Unbundling Information Asymmetry to Improve Governance
Inefficient public institutions result from imperfect, costly information, or that which there is a lack of capacity to analyze.
Governments around the world regulate everything – from how firms carry out their business to the manner in which public agencies are expected to deliver services. In doing so, however, there is reliance on the concept of information, both its stock and its flow. Thus, understanding the notion of asymmetry is important to understand why governments do what they do, and hence why their performance varies.
What then is ‘information asymmetry’? Access to—and capability to process—information is varied across the board, leading to an imbalance. Differences in existing information and access to it lead to limited and incomplete information across groups.
Indeed, inefficient institutions result from imperfect and costly information, so we need to tackle information asymmetry to improve governance.
We can identify three specific components of imperfect information. First, there is lack of information across time, or in other words, we know more at time T-1 (what happened yesterday) than at T+1 (what will happen tomorrow). Second, there is also information asymmetry across space, as different institutions have unequal access to information depending upon where they are located; a company in a capital city is likely to have more access to information on government policies than a company located outside of the capital. Third, we can talk of asymmetry in terms of capacity to interpret; even when two institutions have access to the same information, they will probably respond differently to it because they may not possess equal amounts of resources or capacity to process the ramifications of the information. Economists argue that these three asymmetries lead to what is known as ‘bounded rationality’ – there are limits to how rational institutions can be.
But why is this important for instituting good governance? The above implies clearly that some institutions are more able to reconfigure their work to benefit from the information they have. All of them, though, incur what are known as ‘transaction costs,’ which can be divided into search and information costs (gathering, monitoring, and validating information); bargaining costs (those incurred in arriving at an acceptable arrangement with the other party); and policing and enforcing costs (to make sure that the other party honors the agreement, and take appropriate action if otherwise).
Transaction costs can be measurable or not.
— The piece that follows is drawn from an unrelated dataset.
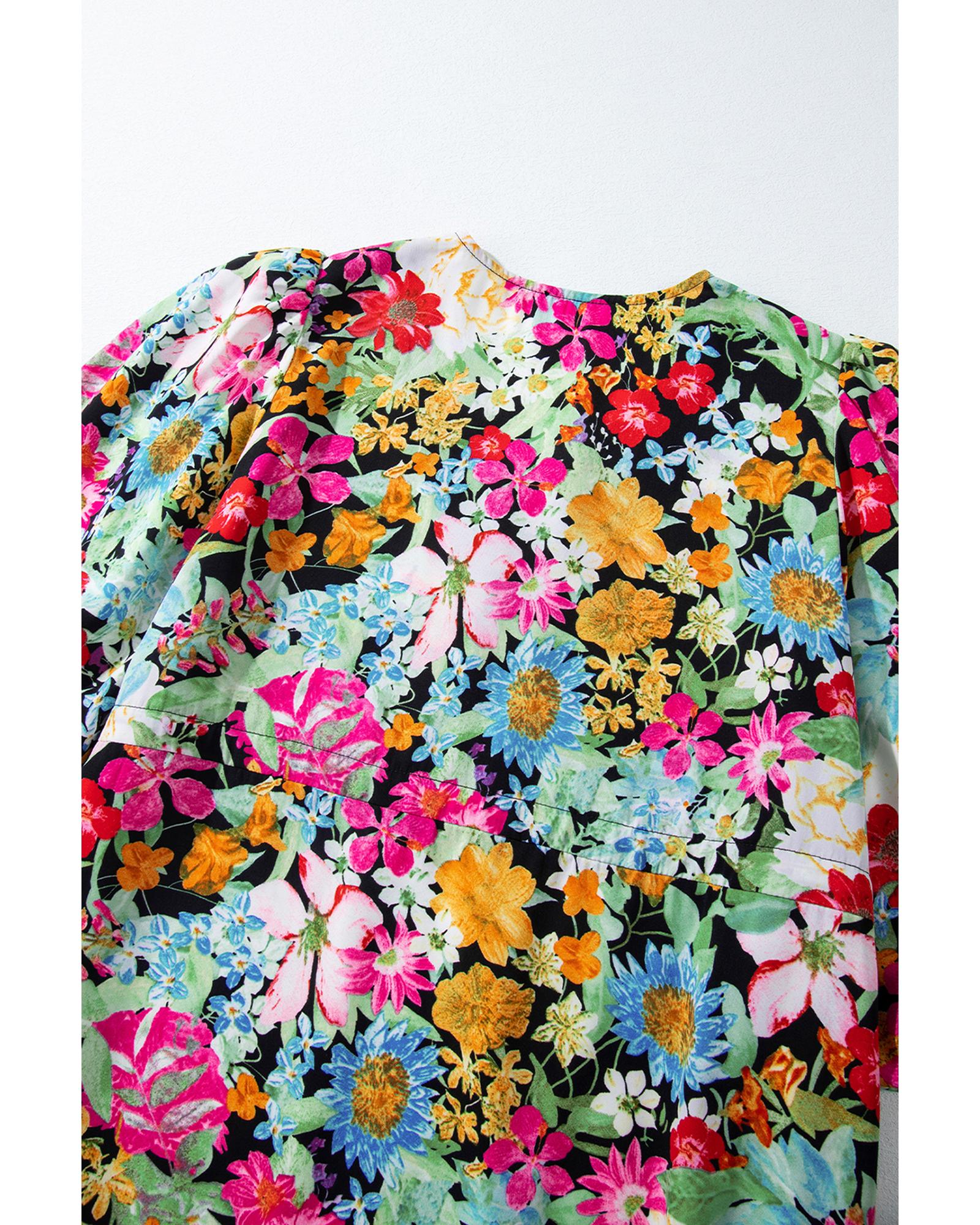 Green Floral Puff Sleeve V Neck Tassel Drawstring Dress - S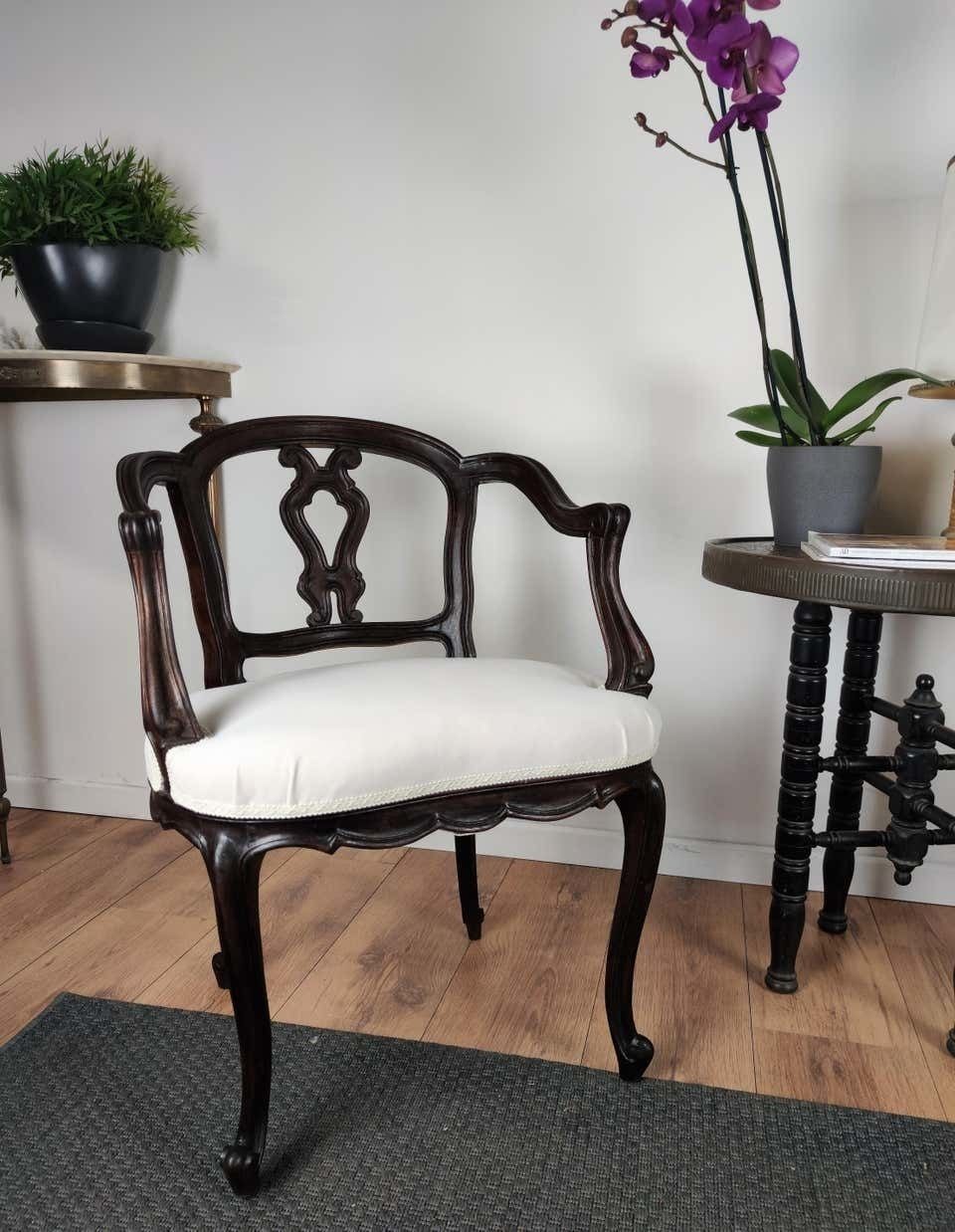 Pair Of 19th Century Italian Rococo Baroque Carved Wood Armchair Re Upholstered photo for sale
For instance, the costs of enforcing contracts are quite tangible. On the other hand, costs that cannot be directly measured include those for the time it takes to acquire information, waiting in line for services, bribery, or imperfect monitoring.
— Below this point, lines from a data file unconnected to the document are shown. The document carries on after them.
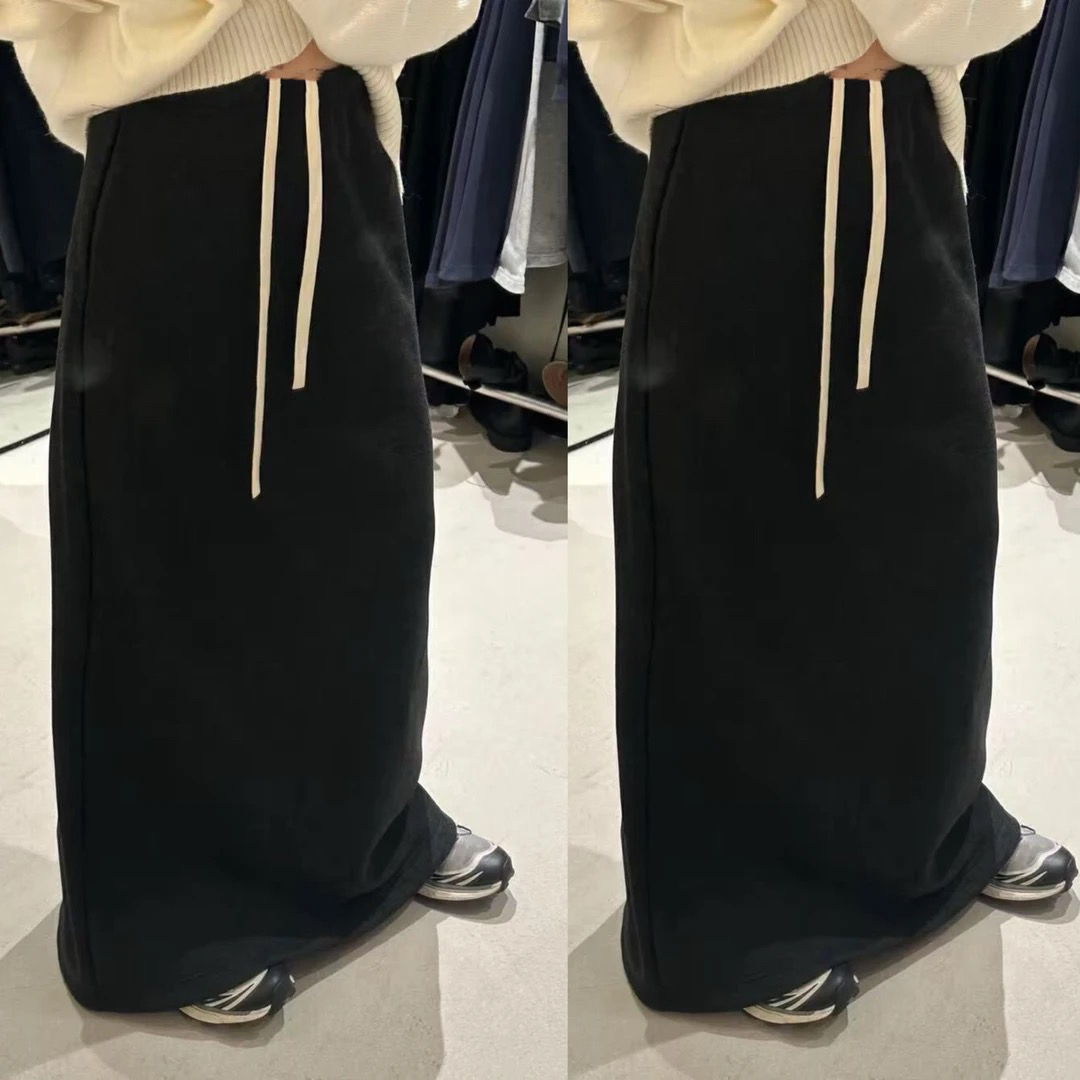 裙长100高个子加绒加厚加长显瘦半身裙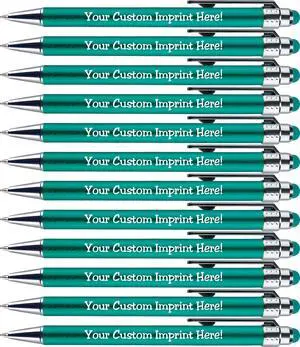 Personalized Pens with Stylus Tip -Bright Vibes- Click action - Custom - Black writing - Printed Name pens - Imprinted with Your Logo or Message - FREE PERSONALIZATION - 12 Pens/Box (Teal) Personalized Pens with Stylus Tip -Bright Vibes- Click action - Custom - Black writing - Printed Name pens - Imprinted with Your Logo or Message - FREE PERSONALIZATION - 12 Pens/Box (Teal)
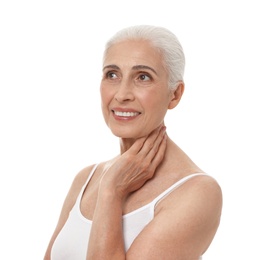 Portrait of beautiful mature woman on white background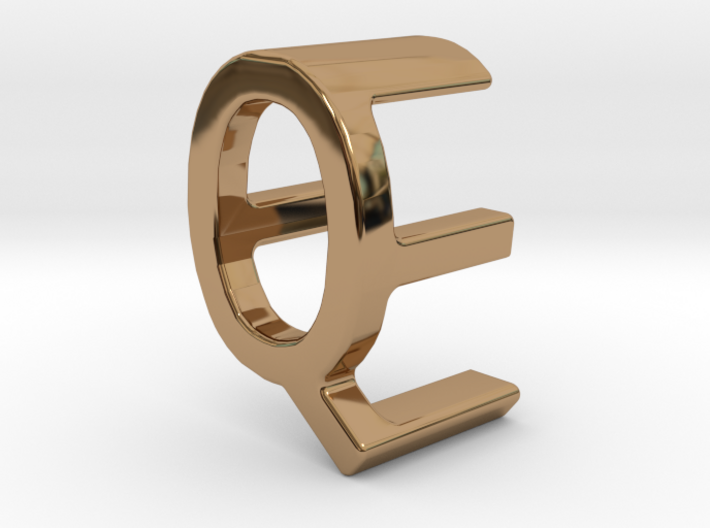 Two way letter pendant - EQ QE 3d printed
Since there are transaction costs to institutions and governments need to have a level playing field for all institutions, another relevant concept is ‘credible commitment’ and its corollary, ‘credible threat’. Parties that are in a contract—including the government and the private sector—must commit to each other as part of the contract, for example to facilitate access to credit or provide an enabling environment for investments.
The expectation in the contract is that each party will credibly commit to it; in other words, each party can assume the other will adhere to the same principle. Thus, a situation of credible commitment arises when all parties to the contract assume that everyone will adhere to the rules of the game on how they hold up their side of the deal. Policy reversals—or more aptly, the threat (or perception) of such reversals—lead to a failure to commit credibly. Inherently, credible commitment should reduce transaction costs. In reality, parties to the contract or game do not tend, for whatever reason, to exhibit such commitment – so transaction costs tend to rise.
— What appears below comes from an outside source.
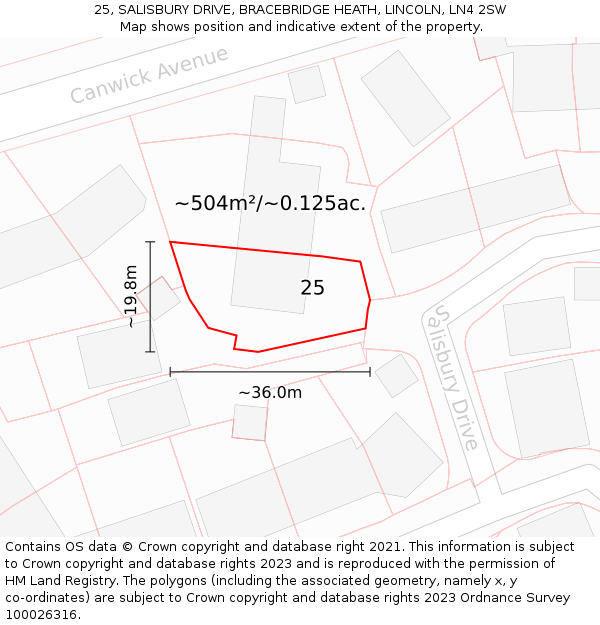 25, SALISBURY DRIVE, BRACEBRIDGE HEATH, LINCOLN, LN4 2SW: Plot and title map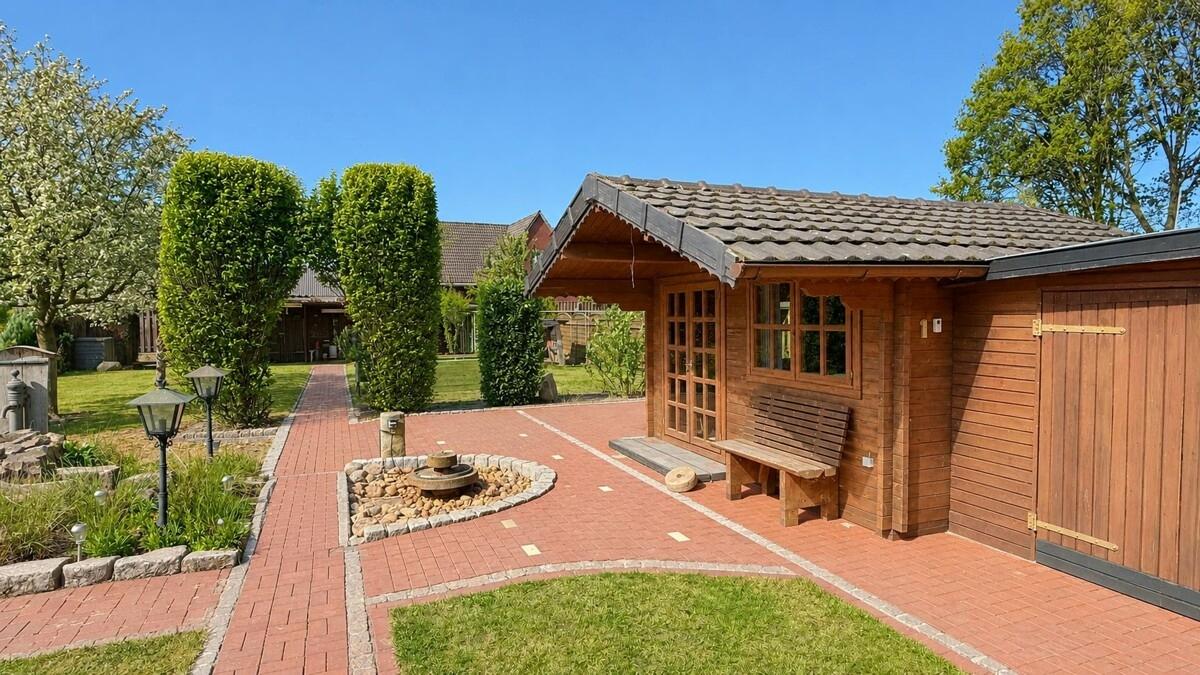 Gartenhaus und Wasserspiel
So what does all this mean for governance? Unequal access to information—or variations in the ability to analyze available information—does indeed eventually lead to rent-seeking behavior, scope for leakages in the system, and eventually to governance failure. Information asymmetry is also at the core of ‘binding constraints’ such as political interferences in the work of state-owned enterprises, weaknesses in the regulatory system, or inherent capacity gaps in public service delivery by governments. For instance, ADB recently identified weaknesses in the regulatory system, deficient infrastructure provision, uneven access to productive assets and lack of good job opportunities as binding constraints to inclusive growth in Fiji.
In developing countries, where the state tends to be all-pervasive in the market, the government’s overriding and continuing goal is to attain increases in welfare without anyone losing out. The ultimate goal would be to attain Pareto Optimality, when even a single player benefits in the market without anyone else losing. Reaching this optimal situation by ensuring a clear flow of the full stock of information is critical, as it in turn facilitates good governance, which eventually aids the development process.